Filmmakers “almost never get it right,” says Gary Gallagher, author of “Causes Won, Lost & Forgotten: How Hollywood and Popular Art Shape What We Know About the Civil War.”

“They get it right in terms of maybe getting the book right,” Gallagher says, “like ‘Gone With the Wind’ or ‘The Killer Angels,’ but there aren’t many films that are accurate regarding what happened during the war.”

Filmmakers “don’t ever get it right from the historical point of view; inaccuracies always creep in,” adds Brian S. Wills, who has written “Gone With the Glory: The Civil War in Cinema.”

“A lot of times, time compression forces a story to be tighter for cinematic purposes,” he says, “and you put in language of what you thought people might say. Movies have to create something that’s plausible and realistic, but they also have to appeal to the audience, so they don’t want to go through the complications of history.”

What this means is that everything from the intricacies of tactics, to what uniforms looked like can be historically incorrect. This even extends to battlefield sequences in films like “Gettysburg” and “Gods and Generals,” which used Civil War re-enactors as extras, many of whom, said Gallagher, “are too old and larger than the average Civil War soldier (who was between 18 and 29, 5-foot-8 and 143 pounds).”

But it’s not just this historical minutiae that Civil War films get incorrect. There’s also a question of interpretation, themes about the war that have come and gone over the years.

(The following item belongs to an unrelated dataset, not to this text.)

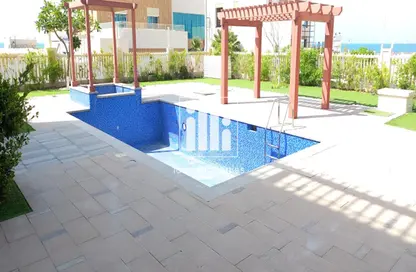 Villa - 6 Bedrooms - 7+ Bathrooms for rent in Corniche Road - Abu Dhabi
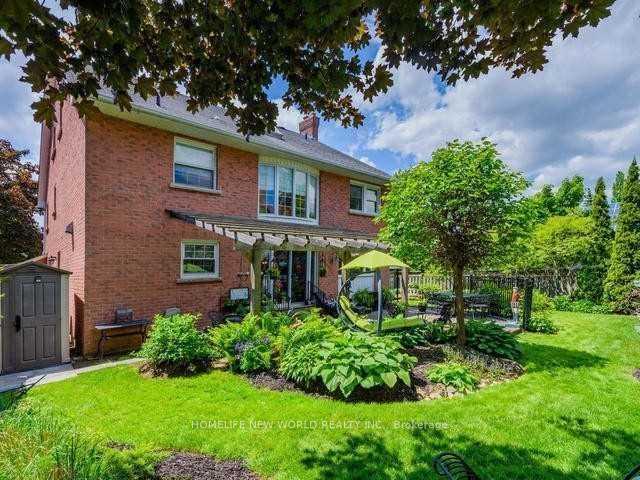 Photo 3 of 47 Hedgewood Drive, Markham, Unionville — HOMEH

“Movies will tell you more about the times in which they were created,” Wills says. “You have to understand the context in which that film appeared. Interpretation is not just a historical word, it’s a creative word, too.”

Hollywood’s ‘Lost Cause’

So before World War II, films like “The Birth of a Nation” and “Gone With the Wind” reflected the “Lost Cause” sentiment — that the South was simply fighting for states’ rights — and were very pro-Confederate.

This was what Gallagher calls “Hollywood’s default interpretation” into the 1950s, when more nuanced treatments began to appear. Things changed “with the rise of the civil rights movement in the 1960s,” he says. “‘Glory’ (the 1989 film about black Union soldiers) really signaled the dramatic shift, and every film since then reflects a more modern sensibility on race and the Emancipation Proclamation.”

And now “The Conspirator” takes Civil War — or, technically, post-Civil War — interpretations to a new level, although Solomon is quick to point out that he began working on his screenplay in 1993, before both World Trade Center attacks. But in the film, Union concerns about possible Confederate plots to commit acts of terrorism like poisoning Washington’s water supply are distant echoes of contemporary fears.

“When I started this,” he says, “I thought the story was Booth shoots the president, end of story. Issues of safety and security were abstract notions, because I wrote this long before 9/11. When I first wrote the piece, people would say ‘What an interesting story, but what is its relevance to today?'”

Whether future Civil War projects will be able to reflect contemporary issues and fears like “The Conspirator” does is a question yet to be answered. And there are other aspects of the conflict — the war on the high seas, the war in the West — that have barely been touched by Hollywood.

Yet “The Conspirator” may be plowing fertile ground for future film projects. “The fears back then were genuine,” Wills says. “They had real fears about assassinating leaders, real fears about burning cities, about crossing a line and violating civil liberties. These things that happened in the past still resonate.”